Denn jeder Sitz hat mehr Platz.
Mehr Beinfreiheit, breitere Sitze.
Dafür passen weniger hinein.
Doppelstock: mehr
Ein Doppelstockwagen hat zwei Etagen.
Unten und oben Sitze.
So passen mehr Menschen hinein.
Deutlich mehr als in einen normalen Wagen.
Kommt auf die Bauart an
Nicht jeder Wagen ist gleich.
Manche haben Abteile, manche einen Großraum.
Das ändert die Zahl der Sitze.
Darum gibt es keine feste Zahl.
Auch Stehplätze
Neben den Sitzen gibt es Stehplätze.
Zur Rushhour stehen viele.
Dann passen noch mehr Menschen hinein.
Aber sitzen ist bequemer.
Viele Plätze im Wagen
Am Ende hat ein Wagen der zweiten Klasse rund 60 bis 80 Sitze.
In der ersten Klasse weniger.
Im Doppelstockwagen mehr.
Es hängt von Klasse und Bauart ab.
Ein Teil vom großen Ganzen
Ein Bahnhof ist mehr als ein Ort zum Warten.
Er ist Teil eines großen Netzes.
Schienen verbinden ihn mit vielen anderen.
Jeder Zug und jedes Gleis hat seine Aufgabe.
Alles greift ineinander wie in einem Uhrwerk.
Ein kleines Detail kann dabei viel bewirken.
Fällt es aus, merkt man es sofort.
Darum ist auch das Kleine wichtig.
Es hält das große Ganze am Laufen.
So wird jede Reise erst möglich.
Vom Staunen zum Verstehen
Als Kind hat man über Züge gestaunt.
Über ihre Größe und ihre Kraft.
Später wird vieles zur Gewohnheit.
Man steigt ein und aus, ohne hinzusehen.
Doch das Staunen darf ruhig bleiben.
Wer versteht, wie etwas funktioniert, staunt neu.

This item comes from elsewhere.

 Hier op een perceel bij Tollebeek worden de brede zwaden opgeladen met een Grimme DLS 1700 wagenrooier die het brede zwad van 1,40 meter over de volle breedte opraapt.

Nur diesmal mit Wissen dahinter.
Das macht das Reisen ein Stück reicher.
Und den Bahnhof zu einem Ort voller Geschichten.
Man muss sie nur entdecken.
Was man mitnimmt
Am Ende bleibt oft eine kleine Erkenntnis.
Ein Detail, das man vorher nicht kannte.
Beim nächsten Mal sieht man es gleich.
Und nickt vielleicht kurz vor sich hin.
So sammelt sich mit der Zeit viel Wissen an.
Über einen Ort, den man ohnehin oft besucht.
Das kostet nichts als ein wenig Neugier.
Und macht den Alltag ein bisschen heller.
Denn wer versteht, langweilt sich seltener.
Und findet fast überall etwas zu entdecken.